Images of high redshift galaxy mergers
Image Credit: Jeyhan Kartaltepe
Using many different data sets from CANDELS, I compiled a data set of around 22,000 galaxies from the GOODS-S, UDS, and COSMOS fields. For each of the 22,000 galaxies, we have visual classification information, redshifts, and several different image statistics. The main problem with identifying high redshift galaxy mergers is that mergers features are much fainter at these distances, making it much harder to see features such as tidal arms. While automated methods for picking out mergers have been developed for low redshift (z < 1) galaxies, more work needs to be done to develop a successful automated method that picks out high redshift (z > 1) mergers. This summer, we looked at how well visually classified mergers and other morphological features were picked out by the different image statistics.

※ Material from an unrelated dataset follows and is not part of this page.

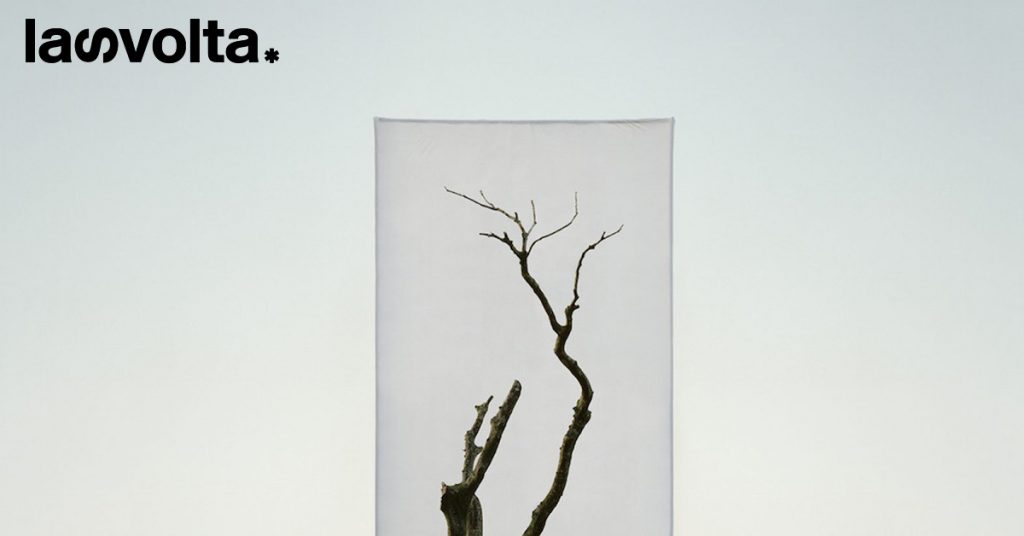 Tuteliamo gli alberi come le opere d’arte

I had a great time learning about galaxy mergers and evolution and at the end of the summer realized that twelve weeks goes by pretty fast.  After the twelve weeks, I had more questions and more things I wanted to explore than I did at the beginning of the summer. I am definitely excited to hear about all of the science that will result from CANDELS and NOAO in the future.

After my summer at NOAO and working with CANDELS, I am very excited to continue on in astronomy. This spring, I will be studying astrophysics abroad at the University of St. Andrew's in Scotland and will then return to Wellesley for my senior year.  After that, I definitely plan to attend graduate school in astronomy.